Le marché actions américain a atteint un nouveau sommet historique le 13 mai, mais Bitcoin, souvent perçu comme un actif spéculatif lié à la liquidité globale, a chuté sous les 80 000 dollars, enregistrant un plus bas intraday à 78 759,70 dollars. Pendant ce temps, le S&P 500 progressait, le QQQ gagnait 1,06 %, et Nvidia affichait une hausse de 2,84 %. Cette dynamique illustre une divergence croissante entre les actifs générateurs de flux de trésorerie et Bitcoin, dont la valorisation repose uniquement sur la liquidité.

La séance du 13 mai a été portée par les mégacapitalisations, avec seulement 4 des 11 secteurs du S&P 500 terminant en hausse. Le Dow Jones a reculé, et le nombre de titres en baisse a dépassé celui des titres en hausse, tant sur le NYSE que sur le Nasdaq. Pourtant, l’indice a progressé grâce à la performance des dix plus grandes entreprises, qui représentent désormais 36,5 % de sa capitalisation totale. Menées par Nvidia, Apple et Microsoft, ces sociétés bénéficient d’investissements massifs dans l’IA et de programmes de rachats d’actions, renforçant leur attractivité même en période de hausse des taux.

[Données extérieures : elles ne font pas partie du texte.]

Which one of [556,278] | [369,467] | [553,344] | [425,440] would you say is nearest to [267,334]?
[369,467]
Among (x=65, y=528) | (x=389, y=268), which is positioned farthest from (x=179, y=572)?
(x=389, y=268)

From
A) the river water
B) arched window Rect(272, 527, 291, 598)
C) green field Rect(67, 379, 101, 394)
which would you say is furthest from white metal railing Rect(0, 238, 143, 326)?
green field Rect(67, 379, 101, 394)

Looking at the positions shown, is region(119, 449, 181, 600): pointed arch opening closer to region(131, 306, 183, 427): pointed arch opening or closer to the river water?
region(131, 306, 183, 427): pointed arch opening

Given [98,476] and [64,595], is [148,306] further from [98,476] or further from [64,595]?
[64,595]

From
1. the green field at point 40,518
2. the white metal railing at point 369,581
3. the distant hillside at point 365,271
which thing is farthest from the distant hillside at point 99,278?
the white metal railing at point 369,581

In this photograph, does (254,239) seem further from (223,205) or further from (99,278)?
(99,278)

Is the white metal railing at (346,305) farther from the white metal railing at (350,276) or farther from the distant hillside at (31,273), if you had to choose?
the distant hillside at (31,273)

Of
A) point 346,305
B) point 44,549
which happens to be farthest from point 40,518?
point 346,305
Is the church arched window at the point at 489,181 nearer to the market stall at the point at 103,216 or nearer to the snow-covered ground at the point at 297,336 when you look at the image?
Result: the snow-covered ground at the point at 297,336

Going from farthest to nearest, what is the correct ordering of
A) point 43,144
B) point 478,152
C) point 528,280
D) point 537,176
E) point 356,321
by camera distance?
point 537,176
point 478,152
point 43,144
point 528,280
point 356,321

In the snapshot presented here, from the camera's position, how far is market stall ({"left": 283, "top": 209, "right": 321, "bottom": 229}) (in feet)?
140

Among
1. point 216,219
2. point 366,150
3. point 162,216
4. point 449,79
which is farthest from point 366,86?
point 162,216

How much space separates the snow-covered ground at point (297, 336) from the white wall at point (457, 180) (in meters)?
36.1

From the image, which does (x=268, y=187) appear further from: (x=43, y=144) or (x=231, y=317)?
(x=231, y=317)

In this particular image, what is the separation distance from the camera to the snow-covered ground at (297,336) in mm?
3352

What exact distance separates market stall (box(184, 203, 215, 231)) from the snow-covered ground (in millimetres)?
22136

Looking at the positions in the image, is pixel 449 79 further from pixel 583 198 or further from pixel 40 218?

L’IA et les rachats d’actions dopent les mégacaps

Goldman Sachs estime que les investissements dans l’IA contribueront à hauteur de 40 % de la croissance des bénéfices du S&P 500 en 2024. Les géants de l’infrastructure cloud prévoient de dépenser 670 milliards de dollars d’ici 2026. Ces entreprises affichent des marges en expansion, des prévisions optimistes et des programmes de rachats, ce qui les rend résilientes face aux vents contraires macroéconomiques. En revanche, Bitcoin, dépourvu de flux de trésorerie et de rendement, subit de plein fouet le resserrement de la liquidité.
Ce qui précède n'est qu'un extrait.